**Task directions:**
What needs transcribing is the line with "The Tiny Finch" and every line after it to the end of the records, exactly and alone, with no pictures.

Captioned web images:
▬▬▬▬▬▬
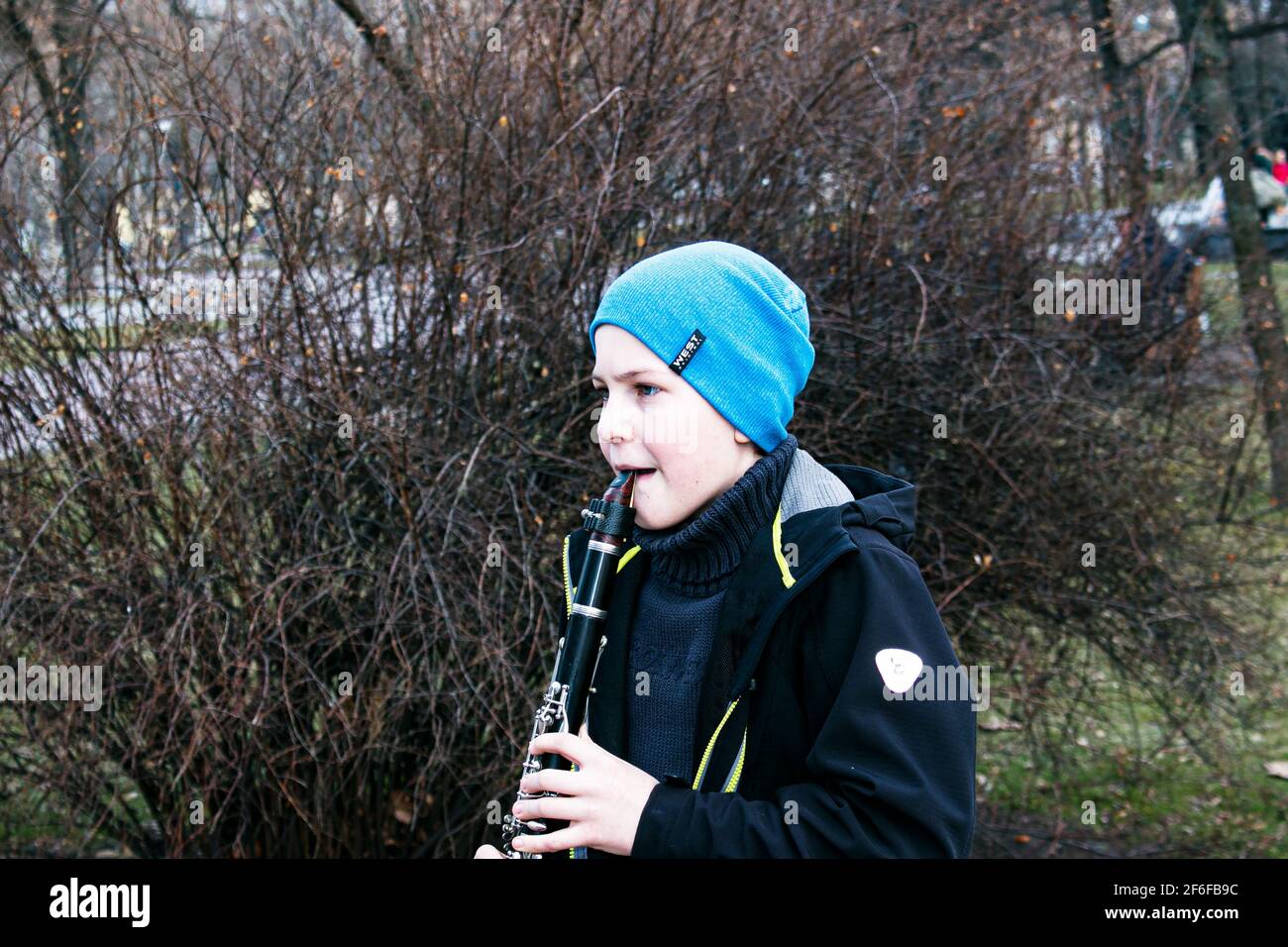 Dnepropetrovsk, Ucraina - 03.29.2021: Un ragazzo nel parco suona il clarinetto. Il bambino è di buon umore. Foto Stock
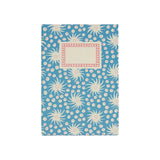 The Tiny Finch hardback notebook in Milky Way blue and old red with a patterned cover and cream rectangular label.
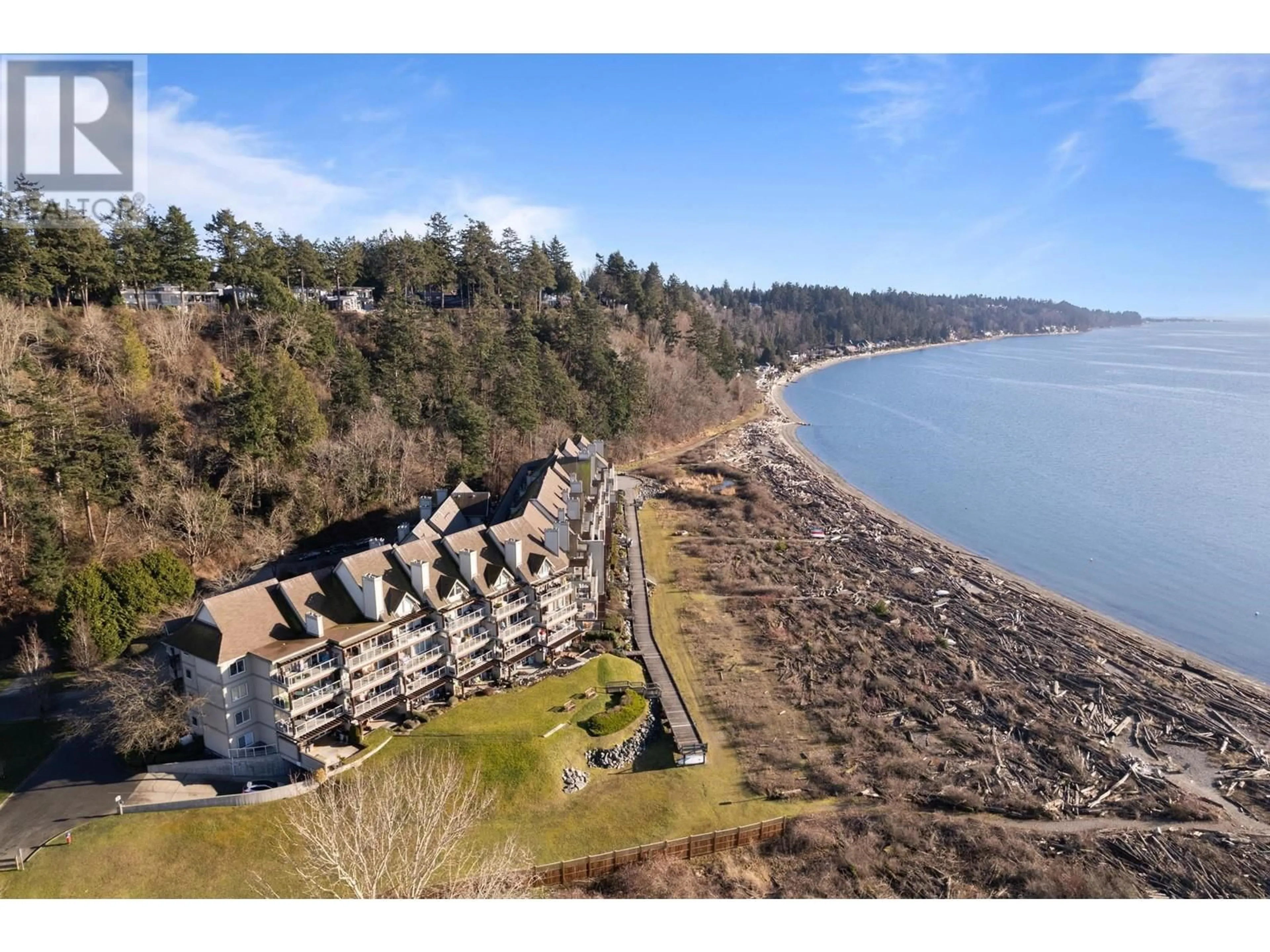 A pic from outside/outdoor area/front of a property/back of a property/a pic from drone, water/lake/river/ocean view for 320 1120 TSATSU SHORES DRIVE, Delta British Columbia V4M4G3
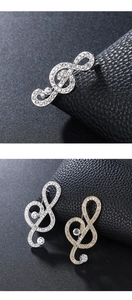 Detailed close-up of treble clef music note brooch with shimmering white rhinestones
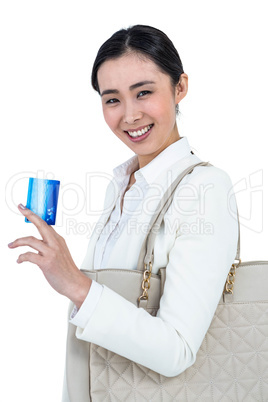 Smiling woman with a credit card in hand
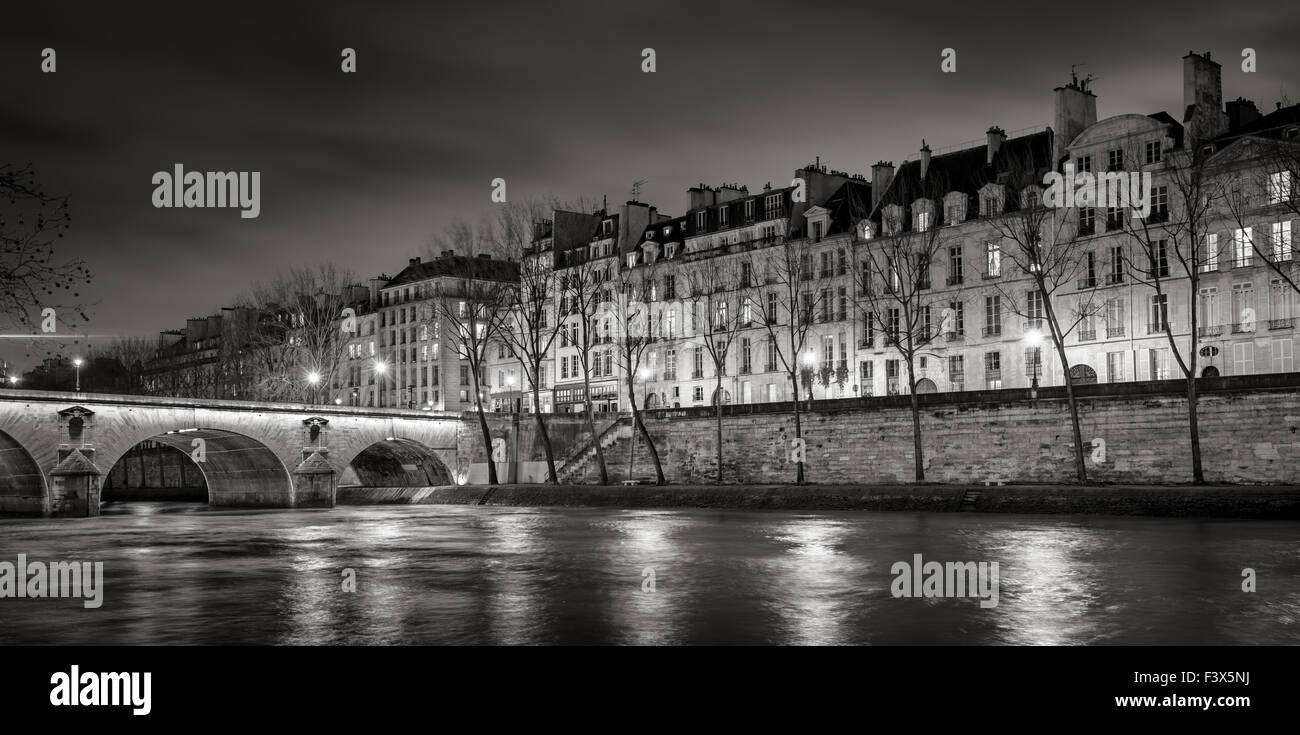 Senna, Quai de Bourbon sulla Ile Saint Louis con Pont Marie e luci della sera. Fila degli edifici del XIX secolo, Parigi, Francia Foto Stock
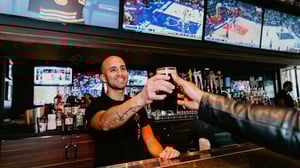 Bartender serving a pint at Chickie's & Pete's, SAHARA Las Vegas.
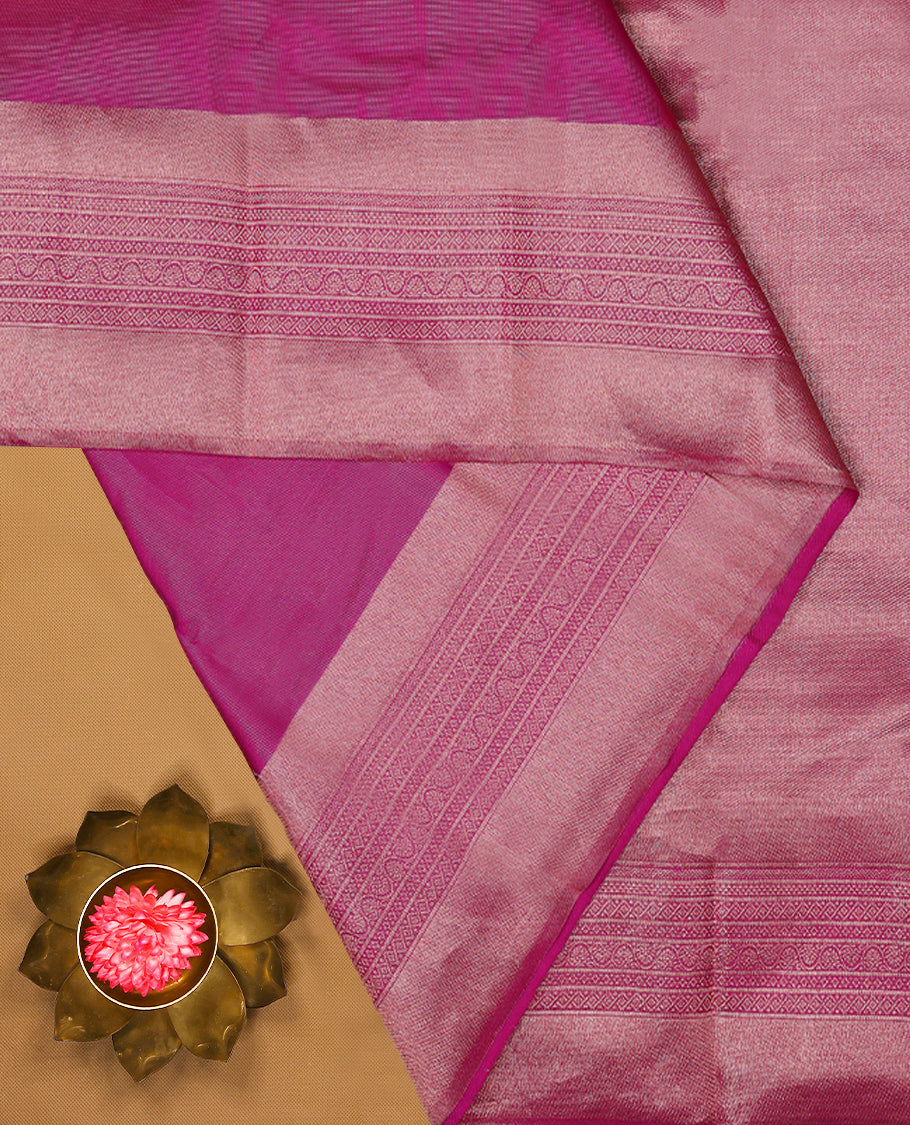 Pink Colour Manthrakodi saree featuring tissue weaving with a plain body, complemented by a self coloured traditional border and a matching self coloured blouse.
▬▬▬▬▬▬
**Task solution:**
 The Tiny Finch hardback notebook in Milky Way blue and old red with a patterned cover and cream rectangular label.
 A pic from outside/outdoor area/front of a property/back of a property/a pic from drone, water/lake/river/ocean view for 320 1120 TSATSU SHORES DRIVE, Delta British Columbia V4M4G3
 Detailed close-up of treble clef music note brooch with shimmering white rhinestones
 Smiling woman with a credit card in hand
 Senna, Quai de Bourbon sulla Ile Saint Louis con Pont Marie e luci della sera. Fila degli edifici del XIX secolo, Parigi, Francia Foto Stock
 Bartender serving a pint at Chickie's & Pete's, SAHARA Las Vegas.
 Pink Colour Manthrakodi saree featuring tissue weaving with a plain body, complemented by a self coloured traditional border and a matching self coloured blouse.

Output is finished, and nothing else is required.